• WORK ITEM:
Please repeat, exactly as written, the line containing "Ein Blick auf Monet Poster (Vorne)" and every line after it through the end of the records below, leaving out any pictures.

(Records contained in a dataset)
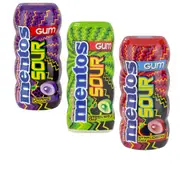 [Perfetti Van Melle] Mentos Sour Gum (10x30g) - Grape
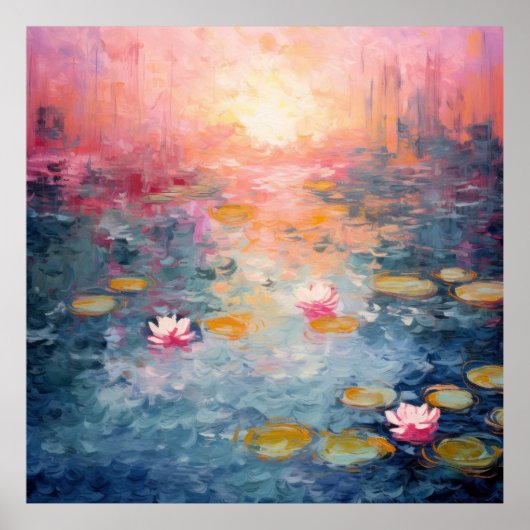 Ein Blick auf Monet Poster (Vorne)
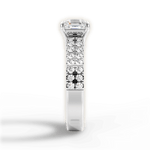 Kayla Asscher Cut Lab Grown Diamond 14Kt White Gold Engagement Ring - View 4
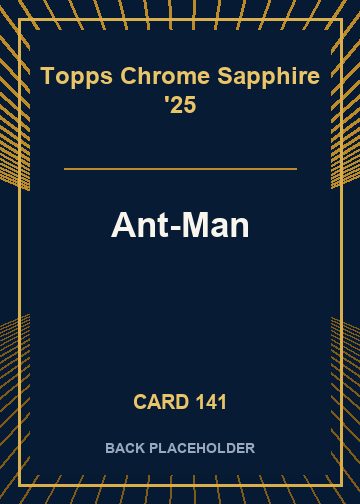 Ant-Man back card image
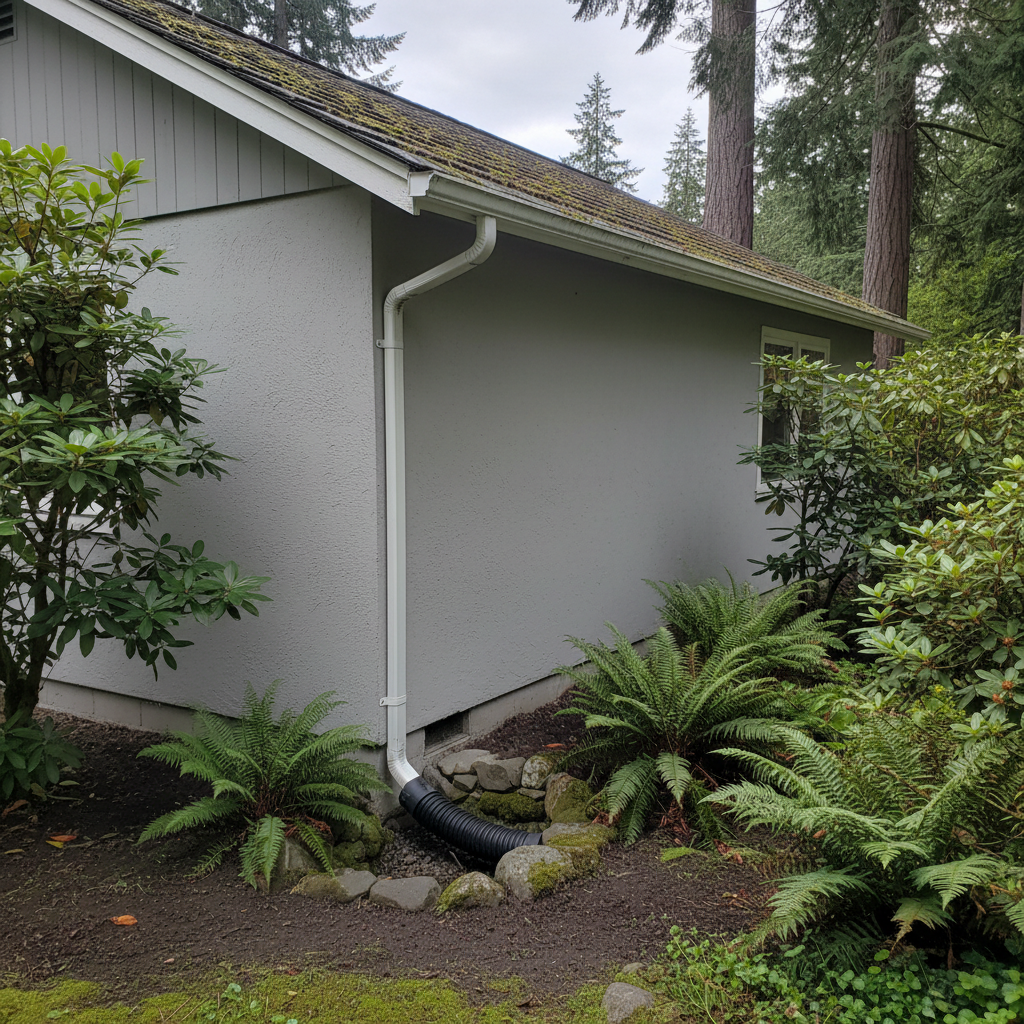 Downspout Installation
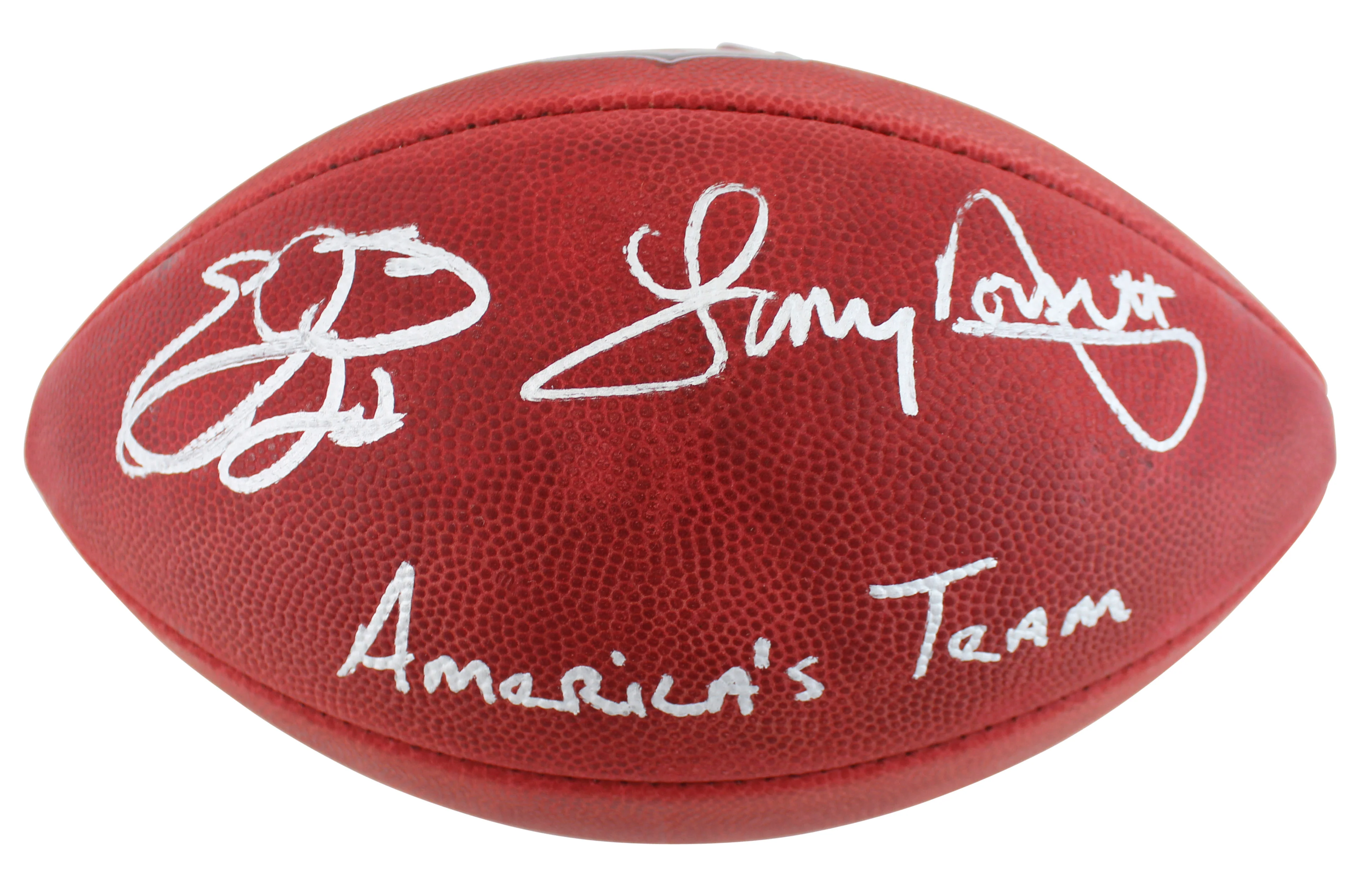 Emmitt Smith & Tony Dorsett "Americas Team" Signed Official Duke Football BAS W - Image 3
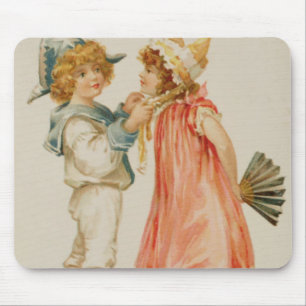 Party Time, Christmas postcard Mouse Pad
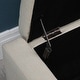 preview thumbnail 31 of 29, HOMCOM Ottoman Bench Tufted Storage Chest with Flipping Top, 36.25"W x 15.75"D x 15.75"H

• SOLUTION TO THIS EXERCISE:
 Ein Blick auf Monet Poster (Vorne)
 Kayla Asscher Cut Lab Grown Diamond 14Kt White Gold Engagement Ring - View 4
 Ant-Man back card image
 Downspout Installation
 Emmitt Smith & Tony Dorsett "Americas Team" Signed Official Duke Football BAS W - Image 3
 Party Time, Christmas postcard Mouse Pad
 preview thumbnail 31 of 29, HOMCOM Ottoman Bench Tufted Storage Chest with Flipping Top, 36.25"W x 15.75"D x 15.75"H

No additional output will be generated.